_WHAT TO DO:_ Each line below from the one containing "Kitchen featuring white" through the one containing "Erkek turist, Kolombiya" should be output exactly as it stands, and no other line should appear.

_DATA:_
((

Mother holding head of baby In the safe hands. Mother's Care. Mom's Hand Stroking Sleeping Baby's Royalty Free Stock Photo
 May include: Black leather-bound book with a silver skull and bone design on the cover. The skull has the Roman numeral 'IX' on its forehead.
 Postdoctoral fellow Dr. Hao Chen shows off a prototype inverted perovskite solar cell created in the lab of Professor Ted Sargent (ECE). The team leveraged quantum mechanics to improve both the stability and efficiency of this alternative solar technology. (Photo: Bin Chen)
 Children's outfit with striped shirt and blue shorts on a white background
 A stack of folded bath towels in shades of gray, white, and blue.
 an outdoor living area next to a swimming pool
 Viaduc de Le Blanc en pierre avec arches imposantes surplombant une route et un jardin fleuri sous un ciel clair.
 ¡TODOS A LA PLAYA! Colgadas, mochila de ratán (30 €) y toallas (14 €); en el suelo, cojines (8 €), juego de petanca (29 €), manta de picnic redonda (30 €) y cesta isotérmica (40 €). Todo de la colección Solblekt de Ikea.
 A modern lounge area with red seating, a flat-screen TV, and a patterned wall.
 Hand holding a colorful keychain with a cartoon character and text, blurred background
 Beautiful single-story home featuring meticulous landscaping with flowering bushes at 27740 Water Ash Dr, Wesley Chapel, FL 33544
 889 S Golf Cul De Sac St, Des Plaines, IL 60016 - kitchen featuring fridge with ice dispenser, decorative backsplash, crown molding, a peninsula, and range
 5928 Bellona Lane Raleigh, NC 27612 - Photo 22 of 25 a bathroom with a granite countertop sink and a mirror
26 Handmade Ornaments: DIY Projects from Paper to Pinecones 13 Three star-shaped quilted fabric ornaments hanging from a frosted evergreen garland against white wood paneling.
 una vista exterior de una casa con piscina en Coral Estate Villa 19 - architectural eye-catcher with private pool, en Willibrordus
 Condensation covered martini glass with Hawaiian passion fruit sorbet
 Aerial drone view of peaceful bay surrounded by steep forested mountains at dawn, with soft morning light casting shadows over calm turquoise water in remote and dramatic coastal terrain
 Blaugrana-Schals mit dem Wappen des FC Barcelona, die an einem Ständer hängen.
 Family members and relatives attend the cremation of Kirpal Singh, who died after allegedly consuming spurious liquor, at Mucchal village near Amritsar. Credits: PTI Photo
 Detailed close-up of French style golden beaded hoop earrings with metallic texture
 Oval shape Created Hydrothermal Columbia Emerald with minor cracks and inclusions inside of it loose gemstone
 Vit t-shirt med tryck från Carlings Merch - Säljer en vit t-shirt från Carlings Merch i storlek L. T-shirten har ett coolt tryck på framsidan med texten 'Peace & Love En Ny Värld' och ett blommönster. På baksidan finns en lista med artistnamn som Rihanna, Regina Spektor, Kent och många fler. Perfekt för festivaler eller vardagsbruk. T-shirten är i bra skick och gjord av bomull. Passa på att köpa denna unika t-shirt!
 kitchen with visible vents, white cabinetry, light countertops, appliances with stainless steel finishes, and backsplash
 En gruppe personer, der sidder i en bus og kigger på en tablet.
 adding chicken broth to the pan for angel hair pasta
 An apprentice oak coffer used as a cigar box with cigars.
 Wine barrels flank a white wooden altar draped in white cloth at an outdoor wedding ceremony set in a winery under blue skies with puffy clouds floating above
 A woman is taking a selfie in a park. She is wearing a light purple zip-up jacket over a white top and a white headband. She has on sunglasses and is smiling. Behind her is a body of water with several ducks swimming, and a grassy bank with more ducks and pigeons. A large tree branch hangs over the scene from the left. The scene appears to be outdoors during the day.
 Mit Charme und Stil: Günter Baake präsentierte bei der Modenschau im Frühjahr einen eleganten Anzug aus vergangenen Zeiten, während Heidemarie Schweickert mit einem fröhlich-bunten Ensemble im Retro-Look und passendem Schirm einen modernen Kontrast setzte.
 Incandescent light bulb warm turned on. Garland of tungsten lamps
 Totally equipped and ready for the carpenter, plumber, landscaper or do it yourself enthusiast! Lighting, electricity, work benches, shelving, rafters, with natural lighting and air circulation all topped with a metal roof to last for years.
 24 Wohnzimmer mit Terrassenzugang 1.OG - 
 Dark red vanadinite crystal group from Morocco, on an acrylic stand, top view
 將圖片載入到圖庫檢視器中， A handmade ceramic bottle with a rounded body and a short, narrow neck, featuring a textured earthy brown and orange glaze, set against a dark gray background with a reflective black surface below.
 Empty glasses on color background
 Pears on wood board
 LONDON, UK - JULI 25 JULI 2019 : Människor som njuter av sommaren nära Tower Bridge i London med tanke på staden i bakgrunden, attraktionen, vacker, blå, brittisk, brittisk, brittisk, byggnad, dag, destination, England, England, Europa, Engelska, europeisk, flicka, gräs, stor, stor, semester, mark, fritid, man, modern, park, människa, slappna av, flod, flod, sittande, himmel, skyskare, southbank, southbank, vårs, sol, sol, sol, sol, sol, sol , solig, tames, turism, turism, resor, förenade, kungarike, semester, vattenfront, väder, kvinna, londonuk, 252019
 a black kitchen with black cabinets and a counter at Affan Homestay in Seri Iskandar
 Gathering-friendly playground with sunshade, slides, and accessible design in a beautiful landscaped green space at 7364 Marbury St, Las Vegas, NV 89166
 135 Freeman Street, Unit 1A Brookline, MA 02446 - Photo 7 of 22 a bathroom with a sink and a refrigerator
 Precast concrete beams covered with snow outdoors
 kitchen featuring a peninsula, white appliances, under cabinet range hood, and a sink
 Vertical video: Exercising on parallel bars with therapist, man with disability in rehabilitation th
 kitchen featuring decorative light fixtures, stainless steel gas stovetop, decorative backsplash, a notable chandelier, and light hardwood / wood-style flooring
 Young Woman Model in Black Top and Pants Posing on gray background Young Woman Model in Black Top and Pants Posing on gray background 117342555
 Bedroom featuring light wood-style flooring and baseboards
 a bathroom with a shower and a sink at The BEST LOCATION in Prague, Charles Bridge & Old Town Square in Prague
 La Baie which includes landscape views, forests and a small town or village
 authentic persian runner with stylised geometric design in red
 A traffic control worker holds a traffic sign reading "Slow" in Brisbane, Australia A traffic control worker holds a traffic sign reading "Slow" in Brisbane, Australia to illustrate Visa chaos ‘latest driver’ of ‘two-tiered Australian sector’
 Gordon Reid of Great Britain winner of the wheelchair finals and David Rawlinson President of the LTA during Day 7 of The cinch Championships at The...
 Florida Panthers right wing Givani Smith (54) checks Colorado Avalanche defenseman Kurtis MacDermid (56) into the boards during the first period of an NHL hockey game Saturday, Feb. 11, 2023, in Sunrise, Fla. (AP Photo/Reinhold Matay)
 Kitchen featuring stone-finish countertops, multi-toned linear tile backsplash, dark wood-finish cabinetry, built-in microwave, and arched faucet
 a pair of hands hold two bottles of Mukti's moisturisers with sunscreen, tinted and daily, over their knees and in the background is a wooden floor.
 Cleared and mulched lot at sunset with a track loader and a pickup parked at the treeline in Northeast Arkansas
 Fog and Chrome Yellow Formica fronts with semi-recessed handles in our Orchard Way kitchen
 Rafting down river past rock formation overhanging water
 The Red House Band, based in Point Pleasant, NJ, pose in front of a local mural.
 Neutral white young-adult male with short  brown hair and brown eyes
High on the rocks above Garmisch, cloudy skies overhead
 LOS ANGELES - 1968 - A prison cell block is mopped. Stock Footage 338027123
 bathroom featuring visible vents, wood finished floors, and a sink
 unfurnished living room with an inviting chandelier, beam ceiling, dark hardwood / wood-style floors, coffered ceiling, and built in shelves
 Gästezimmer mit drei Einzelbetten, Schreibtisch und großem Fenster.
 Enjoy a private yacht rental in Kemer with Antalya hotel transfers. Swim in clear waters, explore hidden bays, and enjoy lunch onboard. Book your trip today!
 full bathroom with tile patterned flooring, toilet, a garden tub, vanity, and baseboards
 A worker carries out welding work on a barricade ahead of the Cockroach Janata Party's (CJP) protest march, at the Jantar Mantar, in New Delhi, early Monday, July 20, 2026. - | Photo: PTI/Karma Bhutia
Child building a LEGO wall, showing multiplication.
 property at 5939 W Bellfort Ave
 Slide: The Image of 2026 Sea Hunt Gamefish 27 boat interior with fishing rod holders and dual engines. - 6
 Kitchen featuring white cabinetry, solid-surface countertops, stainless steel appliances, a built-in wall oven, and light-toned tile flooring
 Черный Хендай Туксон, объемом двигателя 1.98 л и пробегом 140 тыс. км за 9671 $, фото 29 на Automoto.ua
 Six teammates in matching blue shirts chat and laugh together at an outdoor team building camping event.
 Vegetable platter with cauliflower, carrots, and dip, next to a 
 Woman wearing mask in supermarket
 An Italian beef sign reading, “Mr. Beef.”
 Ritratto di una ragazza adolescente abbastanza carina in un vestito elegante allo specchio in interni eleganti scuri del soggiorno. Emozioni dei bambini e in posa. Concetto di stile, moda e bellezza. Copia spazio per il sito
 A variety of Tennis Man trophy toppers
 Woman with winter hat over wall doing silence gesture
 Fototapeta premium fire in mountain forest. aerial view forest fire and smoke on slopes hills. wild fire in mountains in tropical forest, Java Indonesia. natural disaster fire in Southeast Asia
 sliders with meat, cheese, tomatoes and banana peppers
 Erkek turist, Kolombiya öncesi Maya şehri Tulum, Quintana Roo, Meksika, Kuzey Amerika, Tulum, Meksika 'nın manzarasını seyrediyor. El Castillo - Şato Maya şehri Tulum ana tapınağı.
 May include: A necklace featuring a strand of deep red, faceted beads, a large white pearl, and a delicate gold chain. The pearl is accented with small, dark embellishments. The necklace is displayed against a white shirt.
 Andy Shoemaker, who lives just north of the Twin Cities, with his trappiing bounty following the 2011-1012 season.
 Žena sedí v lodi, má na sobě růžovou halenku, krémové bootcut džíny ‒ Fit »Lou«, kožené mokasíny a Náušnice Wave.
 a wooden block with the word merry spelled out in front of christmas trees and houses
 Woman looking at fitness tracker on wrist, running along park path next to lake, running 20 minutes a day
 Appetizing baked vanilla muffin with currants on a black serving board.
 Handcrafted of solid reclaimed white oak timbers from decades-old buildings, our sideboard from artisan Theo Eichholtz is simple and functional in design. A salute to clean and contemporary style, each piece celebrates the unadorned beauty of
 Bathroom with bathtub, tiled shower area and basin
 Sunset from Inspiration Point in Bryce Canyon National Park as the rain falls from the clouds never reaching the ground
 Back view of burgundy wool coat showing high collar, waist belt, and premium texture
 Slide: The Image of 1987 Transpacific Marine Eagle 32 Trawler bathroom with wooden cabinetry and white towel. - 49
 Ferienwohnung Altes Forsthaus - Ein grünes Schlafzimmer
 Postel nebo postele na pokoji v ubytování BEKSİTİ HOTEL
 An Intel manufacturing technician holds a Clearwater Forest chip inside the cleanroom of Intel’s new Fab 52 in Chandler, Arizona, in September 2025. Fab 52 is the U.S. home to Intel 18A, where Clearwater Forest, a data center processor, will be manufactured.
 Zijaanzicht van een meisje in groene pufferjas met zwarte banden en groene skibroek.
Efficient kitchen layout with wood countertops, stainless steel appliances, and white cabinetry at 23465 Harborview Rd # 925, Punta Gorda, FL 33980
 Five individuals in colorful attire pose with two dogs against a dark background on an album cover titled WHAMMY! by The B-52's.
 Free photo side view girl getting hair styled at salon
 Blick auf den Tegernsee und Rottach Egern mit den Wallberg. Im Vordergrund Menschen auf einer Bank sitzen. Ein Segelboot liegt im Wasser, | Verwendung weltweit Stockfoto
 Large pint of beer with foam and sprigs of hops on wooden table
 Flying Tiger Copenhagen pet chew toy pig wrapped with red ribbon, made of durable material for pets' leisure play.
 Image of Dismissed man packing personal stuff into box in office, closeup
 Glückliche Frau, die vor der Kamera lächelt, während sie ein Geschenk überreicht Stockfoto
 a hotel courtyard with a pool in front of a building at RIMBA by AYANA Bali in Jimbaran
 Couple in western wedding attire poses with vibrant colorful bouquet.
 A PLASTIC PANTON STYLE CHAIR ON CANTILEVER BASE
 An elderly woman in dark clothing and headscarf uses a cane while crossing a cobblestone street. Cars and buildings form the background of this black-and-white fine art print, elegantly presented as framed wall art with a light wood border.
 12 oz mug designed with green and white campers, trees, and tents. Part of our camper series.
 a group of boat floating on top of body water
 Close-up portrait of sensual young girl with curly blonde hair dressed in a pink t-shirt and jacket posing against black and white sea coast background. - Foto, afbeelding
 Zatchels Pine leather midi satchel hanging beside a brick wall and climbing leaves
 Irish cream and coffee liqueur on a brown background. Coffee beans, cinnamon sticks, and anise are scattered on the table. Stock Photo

))

_WRITTEN RESPONSE:_
 Kitchen featuring white cabinetry, solid-surface countertops, stainless steel appliances, a built-in wall oven, and light-toned tile flooring
 Черный Хендай Туксон, объемом двигателя 1.98 л и пробегом 140 тыс. км за 9671 $, фото 29 на Automoto.ua
 Six teammates in matching blue shirts chat and laugh together at an outdoor team building camping event.
 Vegetable platter with cauliflower, carrots, and dip, next to a 
 Woman wearing mask in supermarket
 An Italian beef sign reading, “Mr. Beef.”
 Ritratto di una ragazza adolescente abbastanza carina in un vestito elegante allo specchio in interni eleganti scuri del soggiorno. Emozioni dei bambini e in posa. Concetto di stile, moda e bellezza. Copia spazio per il sito
 A variety of Tennis Man trophy toppers
 Woman with winter hat over wall doing silence gesture
 Fototapeta premium fire in mountain forest. aerial view forest fire and smoke on slopes hills. wild fire in mountains in tropical forest, Java Indonesia. natural disaster fire in Southeast Asia
 sliders with meat, cheese, tomatoes and banana peppers
 Erkek turist, Kolombiya öncesi Maya şehri Tulum, Quintana Roo, Meksika, Kuzey Amerika, Tulum, Meksika 'nın manzarasını seyrediyor. El Castillo - Şato Maya şehri Tulum ana tapınağı.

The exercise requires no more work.